*YOUR TASK*
Nothing outside the lines below from the one containing "Applsci 07 00964 g021 Applsci 07 00964 g021" through the one containing "Consulting Image" is to be printed; print those exactly, ends included, and drop the pictures.

RECORDS SHOWN section start

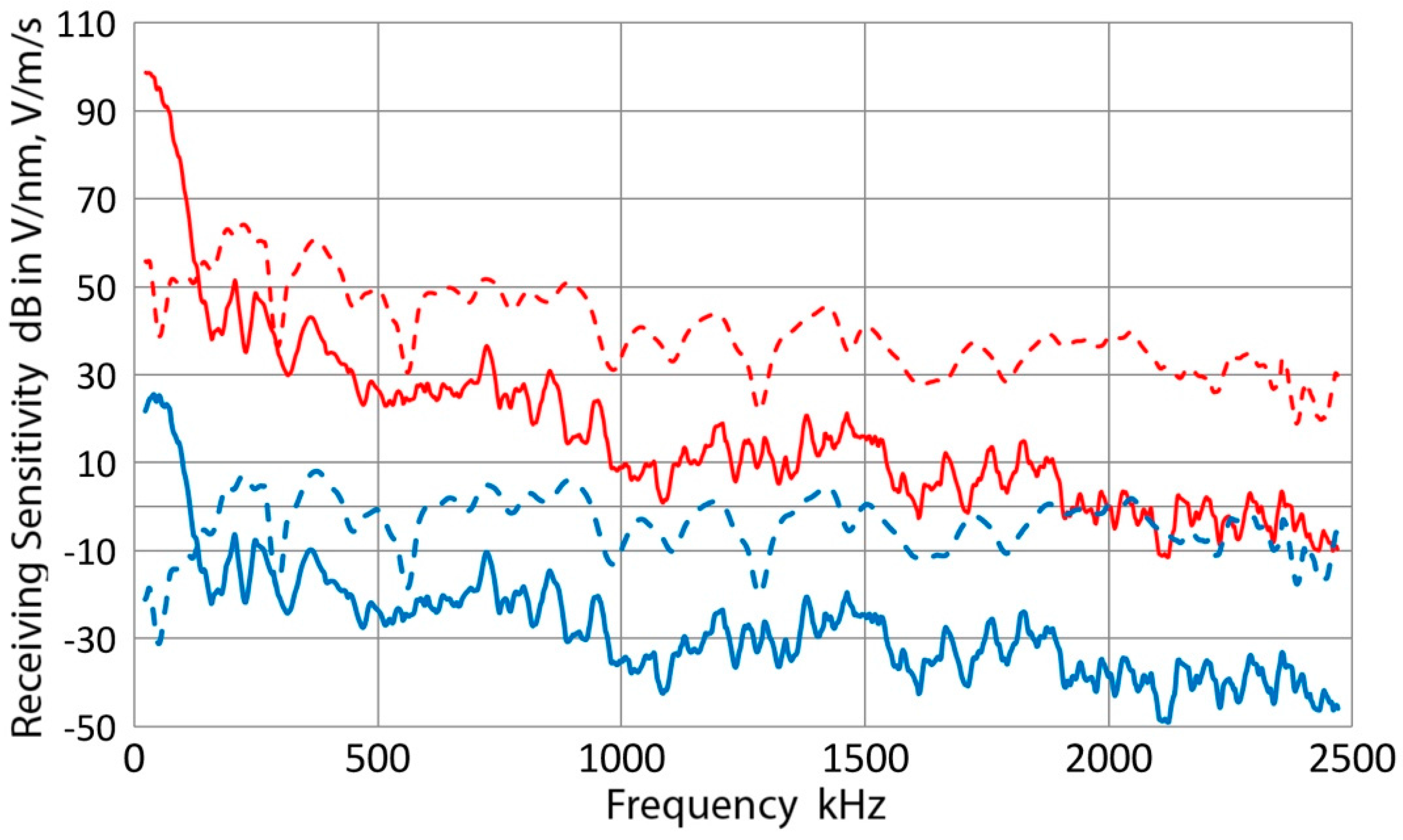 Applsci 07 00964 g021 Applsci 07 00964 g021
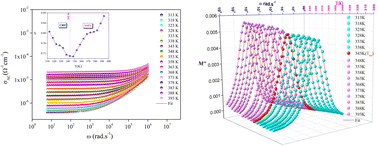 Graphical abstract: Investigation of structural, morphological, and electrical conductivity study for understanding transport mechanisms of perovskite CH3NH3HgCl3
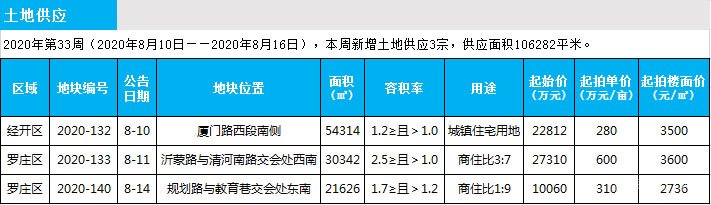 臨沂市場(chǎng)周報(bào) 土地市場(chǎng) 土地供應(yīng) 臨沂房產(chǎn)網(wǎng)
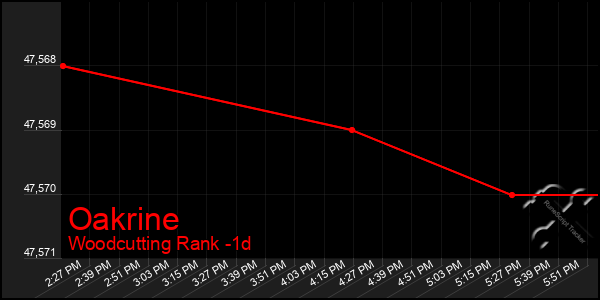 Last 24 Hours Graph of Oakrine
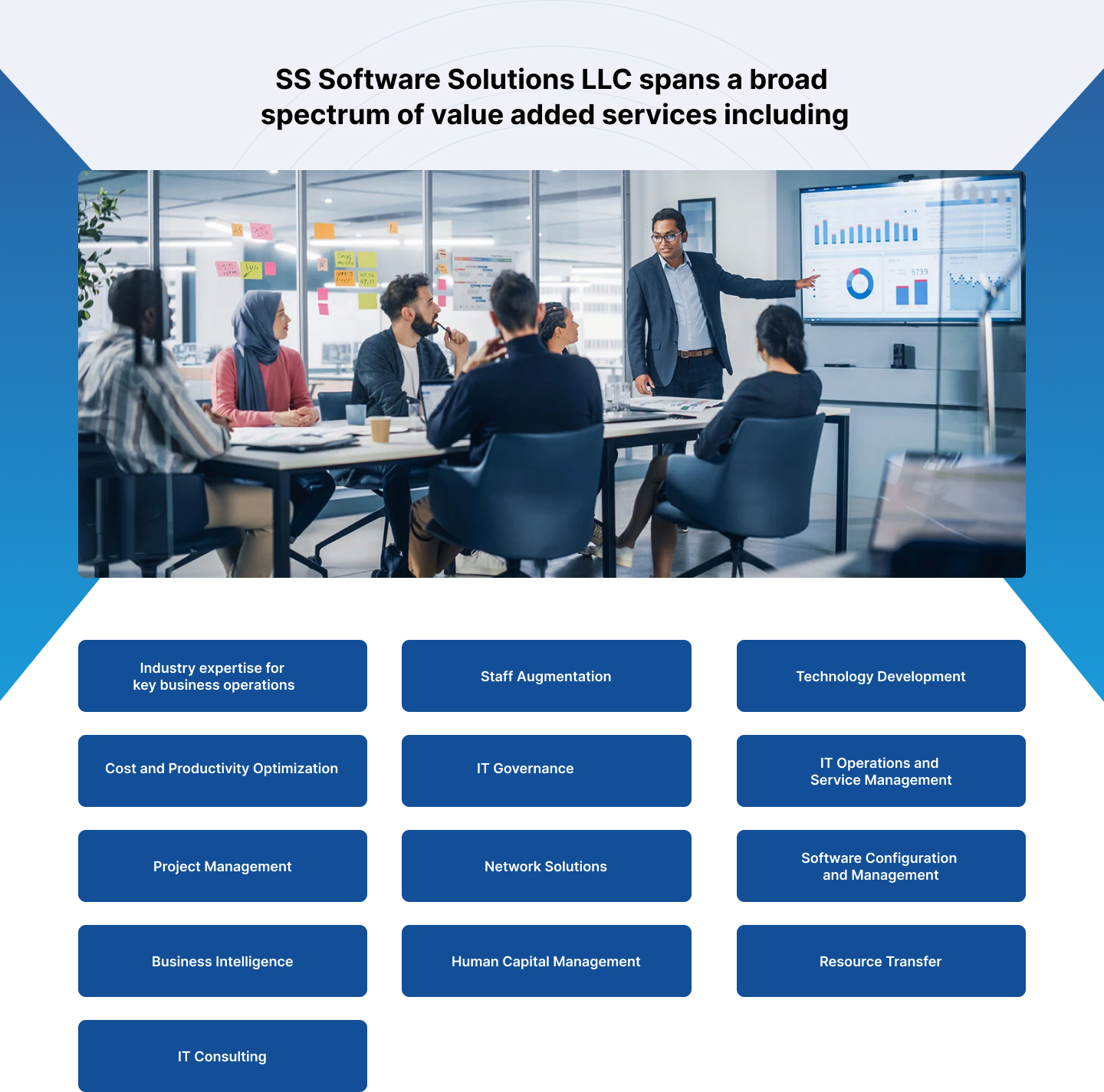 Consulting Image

RECORDS SHOWN section end
RECORDS SHOWN section start

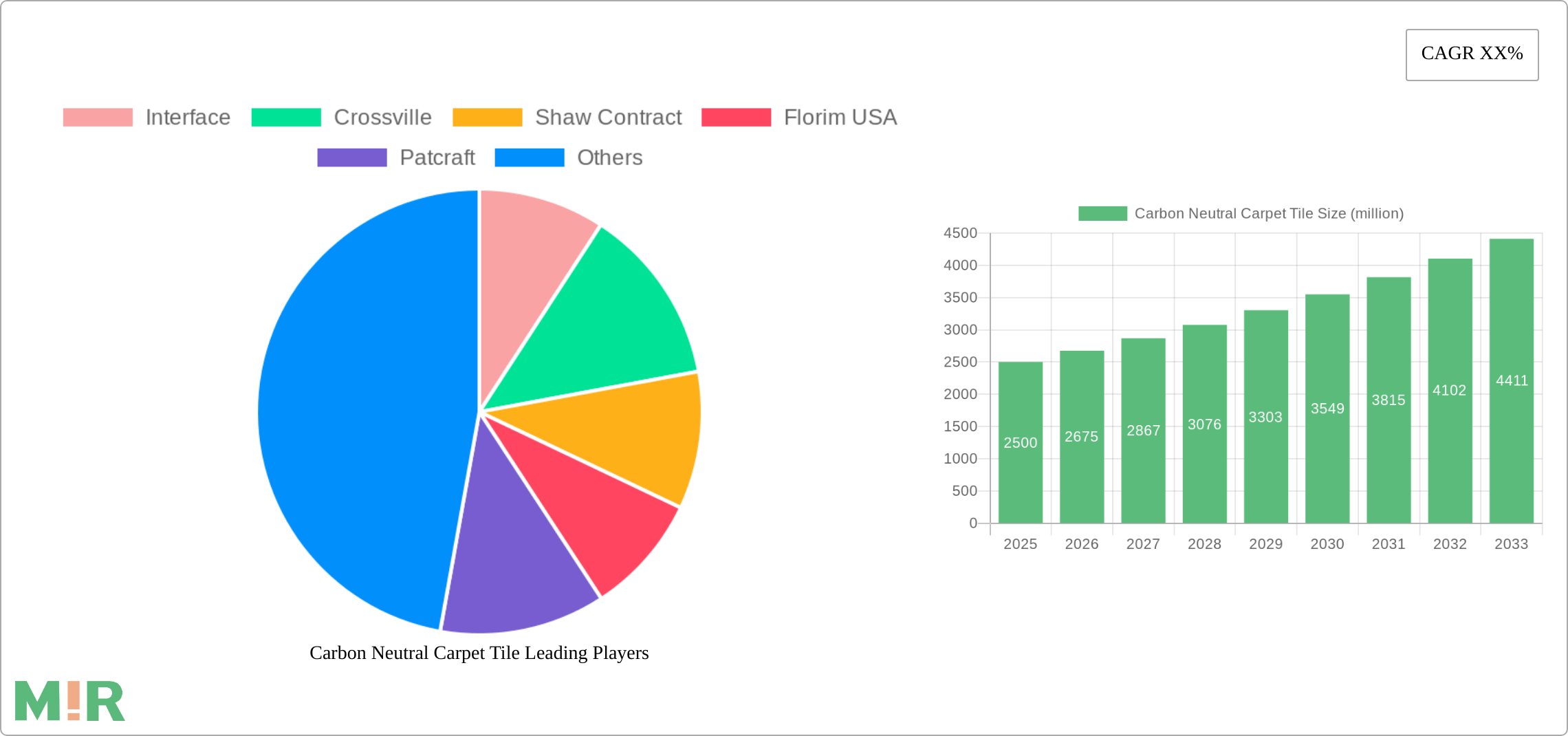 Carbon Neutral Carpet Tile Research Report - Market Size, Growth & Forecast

RECORDS SHOWN section end
RECORDS SHOWN section start

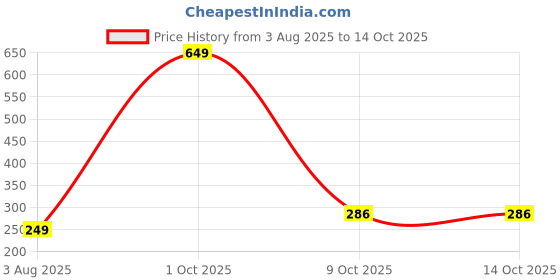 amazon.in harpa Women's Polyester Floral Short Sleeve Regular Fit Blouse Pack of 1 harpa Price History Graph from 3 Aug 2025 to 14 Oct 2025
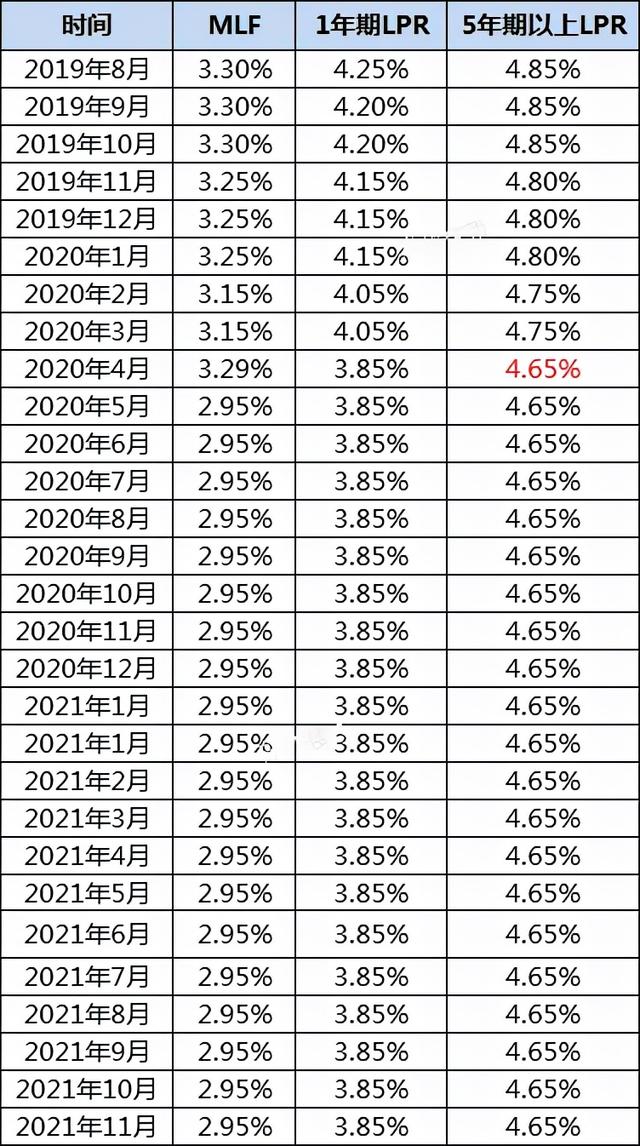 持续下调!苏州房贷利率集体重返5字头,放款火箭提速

RECORDS SHOWN section end

*ANSWER TO THIS EXERCISE*
 Applsci 07 00964 g021 Applsci 07 00964 g021
 Graphical abstract: Investigation of structural, morphological, and electrical conductivity study for understanding transport mechanisms of perovskite CH3NH3HgCl3
 臨沂市場(chǎng)周報(bào) 土地市場(chǎng) 土地供應(yīng) 臨沂房產(chǎn)網(wǎng)
 Last 24 Hours Graph of Oakrine
 Consulting Image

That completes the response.